Characterizing Mitochondrial Phostidylserine Decarboxylase 1

With the ability to synthesize phosphatidic acid, cardiolipin (CL), and phosphatidylethanolamine (PE), the mitochondrion is a major producer of cellular phospholipids. In yeast, there are two enzymes that make PE de novo , one of which, Psd1p, resides in mitochondria. In contrast, mammals only have the mitochondrial pathway for the de novo synthesis of this important cellular phospholipid. Psd1p decarboxylates phosphatidylserine (PS) to form PE. Knowledge about Psd1p is fragmentary. Psd1p is a nuclear encoded protein that is imported into the mitochondrion post‐translationally, where it undergoes proteolytic processing to become an active enzyme. The biogenesis of Psd1p involves three distinct processing events, with the final autocatalytic events generating the active alpha subunit. In my experiments I have shown that two of the processing steps are mediated by the matrix processing peptidase (MPP) and Oct1p. Oct1p is a soluble monomeric metalloprotease localized in the mitochondrial matrix that recognizes and cleaves substrates after initial processing by MPP. Oct1p proteolysis has recently been implicated as an important determinant of protein stability.
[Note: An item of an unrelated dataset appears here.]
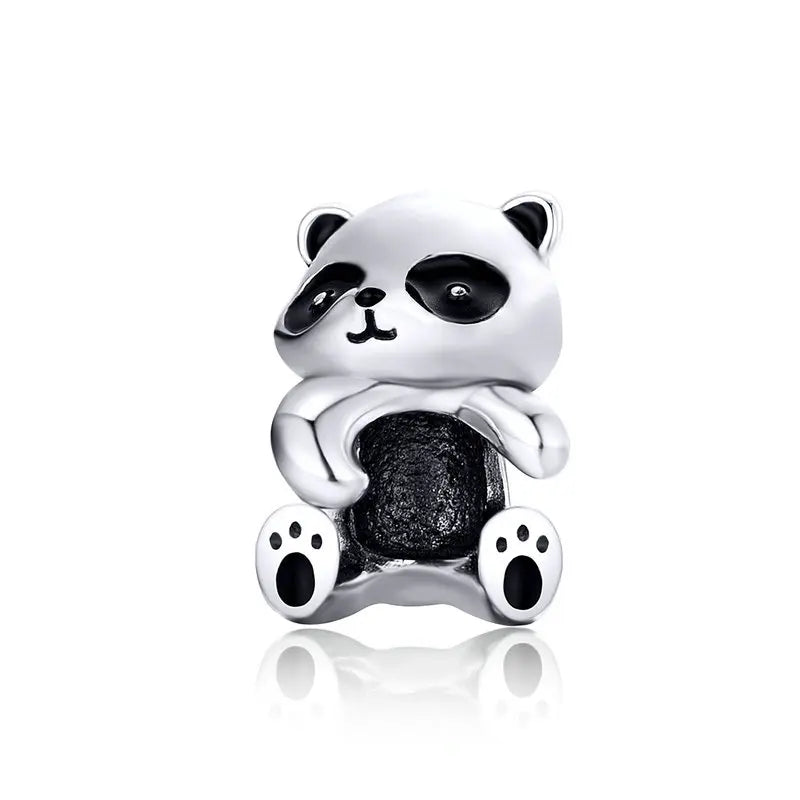 Auroki sterling silver panda charm with black enamel – Asttery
Interestingly, Psd1p autocatalysis, the final processing step, does not appear to depend on the upstream activity of Oct1p raising the possibility that Oct1p processing is additionally important for Psd1p function. I hypothesize that Oct1p is required for Psd1p activity and/or stability, and in its absence aberrantly processed Psd1p has a reduced half‐life and/or less associated decarboxylase activity. Understanding the biogenesis of Psd1p may uncover potential regulatory steps in Psd1p biogenesis which may be exploited to modulate cellular PE content.